EXERCISE REQUIREMENTS: Print every entry, word for word, and skip the images.

GIVEN ENTRIES:
^^^^
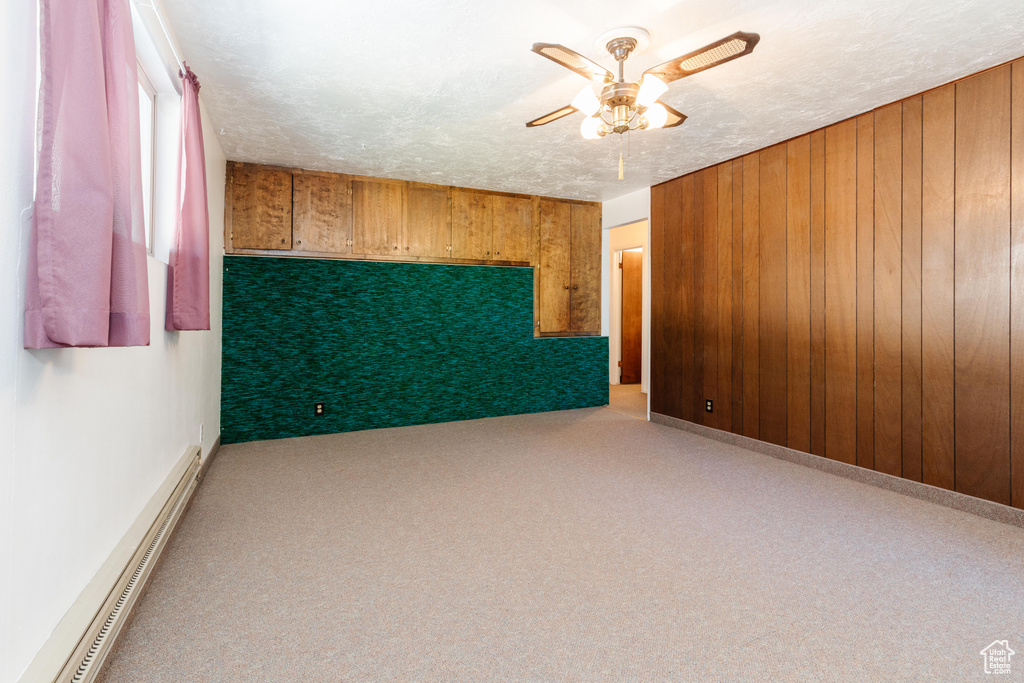 Carpeted spare room featuring ceiling fan, a textured ceiling, wood walls, and a baseboard heating unit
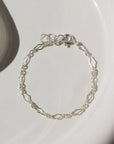child's size curvy chain linked bracelet in 925 Sterling Silver. Spring hook clasp closure and half inch extender to make the bracelet adjustable. Handmade by Token Jewelry in Eau Claire, WI
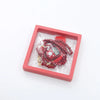 A red square box contains Islamic tasbih prayer beads and digital counter bracelets.
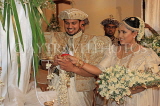 SRI LANKA, Kandy, traditional Kandyan Wedding, couple lighting lamps ritual, SLK3719JPL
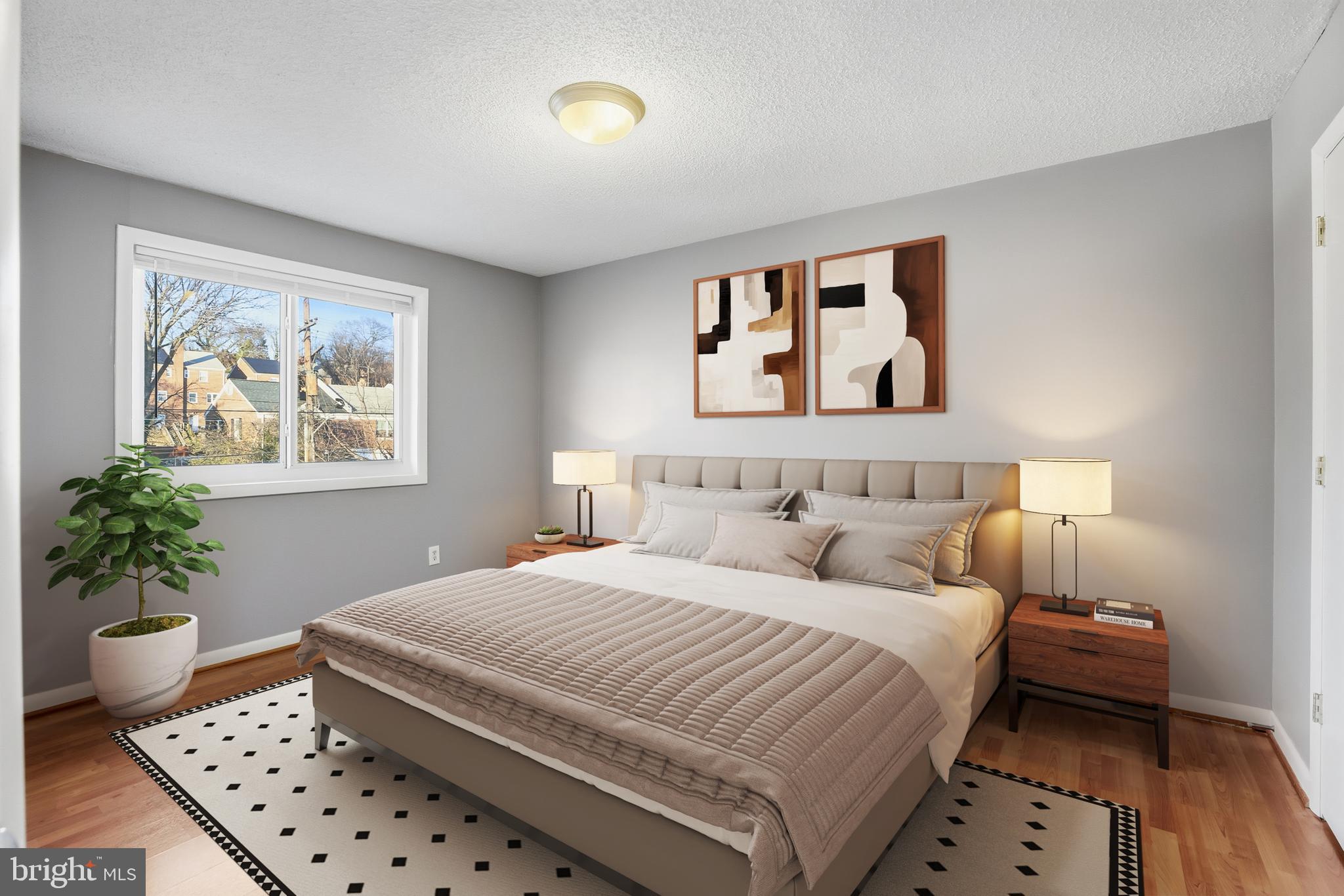 625 Chesapeake Street Southeast, Unit 301 Washington, DC 20032 - Photo 11 of 23 a bedroom with a large bed and a potted plant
^^^^
RESULT OF THE EXERCISE:
 Carpeted spare room featuring ceiling fan, a textured ceiling, wood walls, and a baseboard heating unit
child's size curvy chain linked bracelet in 925 Sterling Silver. Spring hook clasp closure and half inch extender to make the bracelet adjustable. Handmade by Token Jewelry in Eau Claire, WI
 A red square box contains Islamic tasbih prayer beads and digital counter bracelets.
 SRI LANKA, Kandy, traditional Kandyan Wedding, couple lighting lamps ritual, SLK3719JPL
 625 Chesapeake Street Southeast, Unit 301 Washington, DC 20032 - Photo 11 of 23 a bedroom with a large bed and a potted plant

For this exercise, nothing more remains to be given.